The date of Gregory’s birth is unclear. For a long time, it was thought that Gregory was born in about 1516; Professor Sir Diarmaid MacCulloch, through a careful analysis of Cromwell’s papers, places his birth as most likely in 1520. As he writes in his brilliant biography, Thomas Cromwell: A Life (2018 - highly recommended, and a major inspiration for this Letters to Cromwell project):
Much patronising nonsense has been written about Gregory based on that persistence miscalculation of his age.
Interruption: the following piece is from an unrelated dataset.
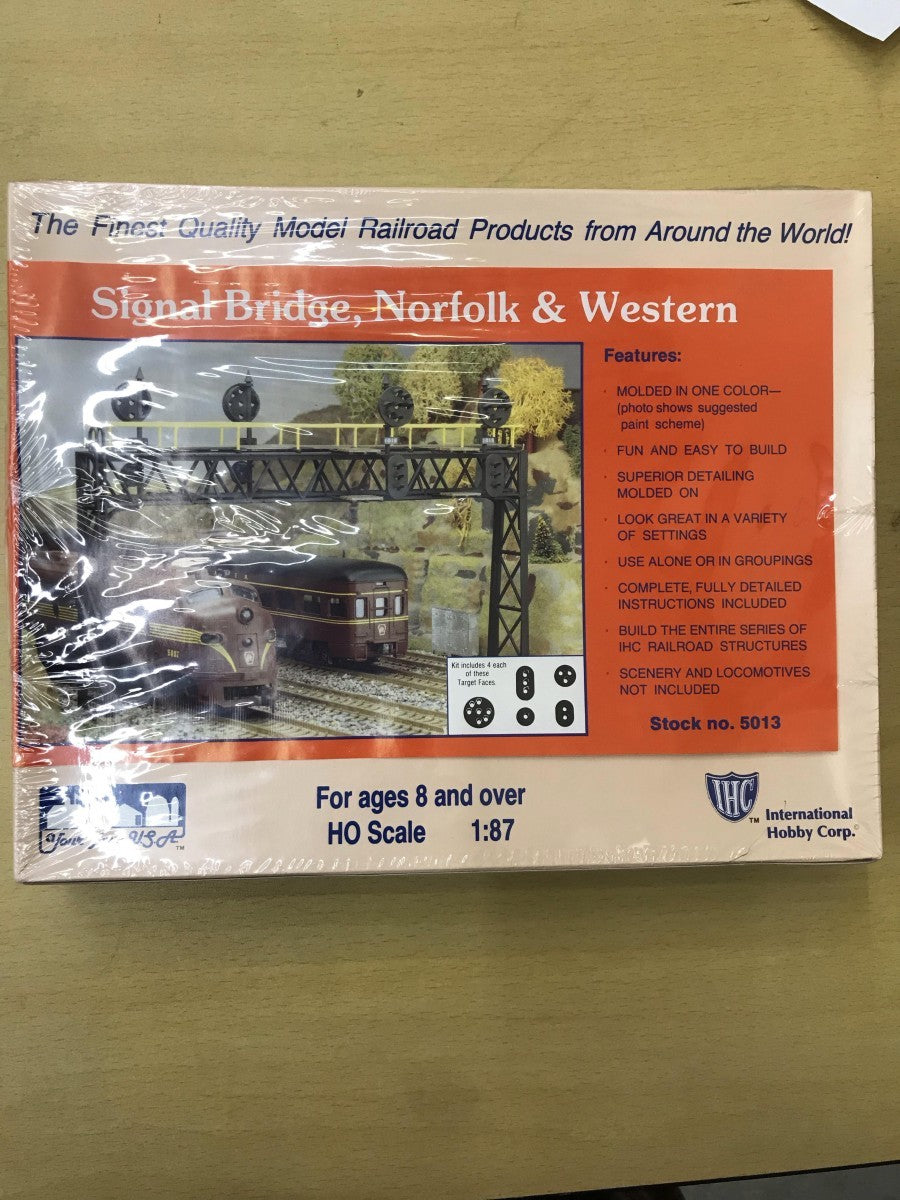 IHC 5013 HO Signal Bridge, Norfolk & Western Plastic Building Kit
He has been frequently been denigrated for not having the educational attainment of a teenager at a time when he was in fact ten years old or less.
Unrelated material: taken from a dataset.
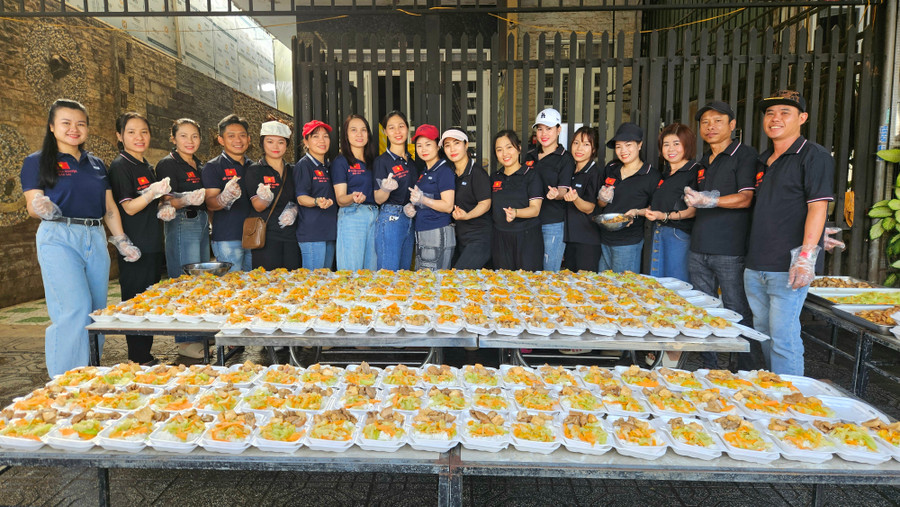 Nhóm Bếp Thiện Nguyện Gia Lai gửi gắm hy vọng qua từng suất cơm dành cho các bệnh nhân. Ảnh: Ngọc Duy cac-thanh-vien-trong-nhom-hao-hung-tham-gia-nau-nhung-suat-com-de-mang-den-trao-tan-tay-benh-nhan-anh-ngoc-duy.jpg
The archival record remains ambiguous; the dating of this letter - as part of the huge exercise of cataloguing, dating, and reviewing Henry VIII’s State Papers in the 19th and early 20th centuries - is unclear.
In November 1528, Gregory’s tutor, John Chekynge, wrote to Cromwell that “Little Gregory is becoming great in letters”. “Little Gregory” must surely refer to an eight year old rather than a teenager. And, for many years, Gregory’s earliest letter was filed straight after the letter from Chekynge, as though dating from 1528. But - as can been seen from the picture below, it was later re-filed, and re-dated 13 April 1533.
This early letter is hugely uninformative - like those in the Trilogy. Addressing Cromwell as “my dere father”, Gregory asks for his blessing, and declares himself his ‘“bedesman”. He pledges to fulfil his father’s “commandments in the passage of myne erudicion, that yow my good father schall therewith be ryght wel contentyd, by God’s helpe”. It was sent to his ‘right worshipfull father’ ‘at London’.
But was it sent in 1533? I’m not convinced. I have seen some letters from Gregory from 1531. They are written in a much more confident hand - so either his handwriting got worse as he got older, or the ordering of his correspondence continues to be muddled.
This presents me with a problem in my stitchery. Do I include it in the 1528 letters - or do I stitch it into 1533?* At the moment, it is reinstated - as far as my stitching is concerned - into 1528. Perhaps I should include this letter twice, stitching a further version for the 1533 collection. That way, I have acknowledged one of the many archival challenges of Cromwell’s papers. Of which more will follow.
*I’m not seeking advice - I’m just musing to myself…
Gregory is so dear; as a mom to one boy, maybe I'm biased? Oh, I just LOVE these snippets of Crumb's letters...your image of them dangling almost like a pennant flag--I can envision them completely alone, hanging on an art gallery wall! Layers of correspondence, lives intertwined. ♡
This is such a beautiful project. I am loving the thought process behind the choices and the way the work is building organically. Wonderful.